◆ Required work: When you reach the line that contains "RE/DONE 90s High Rise Loose Jeans in White" in the data below, start reproducing lines exactly, and stop after the line that contains "Adorno El Sable Sheltie hace frente".

◆ Stored data:

- - - - - - -

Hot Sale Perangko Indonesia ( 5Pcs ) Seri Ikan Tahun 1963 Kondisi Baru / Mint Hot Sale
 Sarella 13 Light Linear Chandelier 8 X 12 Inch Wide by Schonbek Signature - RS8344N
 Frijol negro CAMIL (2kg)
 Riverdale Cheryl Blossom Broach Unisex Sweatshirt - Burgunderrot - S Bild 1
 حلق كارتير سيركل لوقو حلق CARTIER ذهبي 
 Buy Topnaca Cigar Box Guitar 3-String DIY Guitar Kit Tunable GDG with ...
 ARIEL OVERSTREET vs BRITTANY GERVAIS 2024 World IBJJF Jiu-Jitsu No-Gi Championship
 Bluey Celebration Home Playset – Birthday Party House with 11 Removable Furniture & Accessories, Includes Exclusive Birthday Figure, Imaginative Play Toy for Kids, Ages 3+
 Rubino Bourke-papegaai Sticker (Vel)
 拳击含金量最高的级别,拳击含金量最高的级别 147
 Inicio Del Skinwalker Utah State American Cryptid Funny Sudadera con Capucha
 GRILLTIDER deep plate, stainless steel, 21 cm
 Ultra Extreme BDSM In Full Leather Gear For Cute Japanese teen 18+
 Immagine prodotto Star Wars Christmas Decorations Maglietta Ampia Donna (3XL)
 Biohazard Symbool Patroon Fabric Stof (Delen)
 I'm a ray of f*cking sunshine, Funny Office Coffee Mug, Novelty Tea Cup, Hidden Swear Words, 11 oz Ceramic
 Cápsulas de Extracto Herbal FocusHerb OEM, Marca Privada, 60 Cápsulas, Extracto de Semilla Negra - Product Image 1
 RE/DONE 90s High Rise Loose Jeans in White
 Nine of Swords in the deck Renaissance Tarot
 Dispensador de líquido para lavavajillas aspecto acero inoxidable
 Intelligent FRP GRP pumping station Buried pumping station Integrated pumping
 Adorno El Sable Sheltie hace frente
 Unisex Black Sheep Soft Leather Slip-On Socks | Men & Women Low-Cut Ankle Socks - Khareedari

- - - - - - -

◆ Expected output:
 RE/DONE 90s High Rise Loose Jeans in White
 Nine of Swords in the deck Renaissance Tarot
 Dispensador de líquido para lavavajillas aspecto acero inoxidable
 Intelligent FRP GRP pumping station Buried pumping station Integrated pumping
 Adorno El Sable Sheltie hace frente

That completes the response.